▸ **Task requirements**
Scan the records for "Photo". Show the matching lines.
[[ Source material open ]]
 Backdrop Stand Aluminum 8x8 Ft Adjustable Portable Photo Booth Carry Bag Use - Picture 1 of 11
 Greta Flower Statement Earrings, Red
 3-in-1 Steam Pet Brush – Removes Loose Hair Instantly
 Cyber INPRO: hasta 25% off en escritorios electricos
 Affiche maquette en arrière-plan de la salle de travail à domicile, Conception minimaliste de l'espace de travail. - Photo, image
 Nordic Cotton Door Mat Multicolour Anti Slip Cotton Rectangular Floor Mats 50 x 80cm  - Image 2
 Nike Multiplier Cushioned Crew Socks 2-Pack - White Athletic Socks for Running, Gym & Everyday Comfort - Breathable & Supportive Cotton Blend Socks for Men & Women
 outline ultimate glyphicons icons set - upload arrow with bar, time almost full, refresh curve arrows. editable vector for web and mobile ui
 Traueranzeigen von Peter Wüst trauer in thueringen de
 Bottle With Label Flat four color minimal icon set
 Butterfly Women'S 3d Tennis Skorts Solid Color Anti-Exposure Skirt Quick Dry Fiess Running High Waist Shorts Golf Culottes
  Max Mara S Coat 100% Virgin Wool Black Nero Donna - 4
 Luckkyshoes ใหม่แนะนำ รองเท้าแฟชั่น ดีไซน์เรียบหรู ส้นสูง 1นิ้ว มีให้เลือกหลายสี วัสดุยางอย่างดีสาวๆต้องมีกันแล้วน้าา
[[ Source material closed ]]
▸ **Result for this exercise**
 Backdrop Stand Aluminum 8x8 Ft Adjustable Portable Photo Booth Carry Bag Use - Picture 1 of 11
 Affiche maquette en arrière-plan de la salle de travail à domicile, Conception minimaliste de l'espace de travail. - Photo, image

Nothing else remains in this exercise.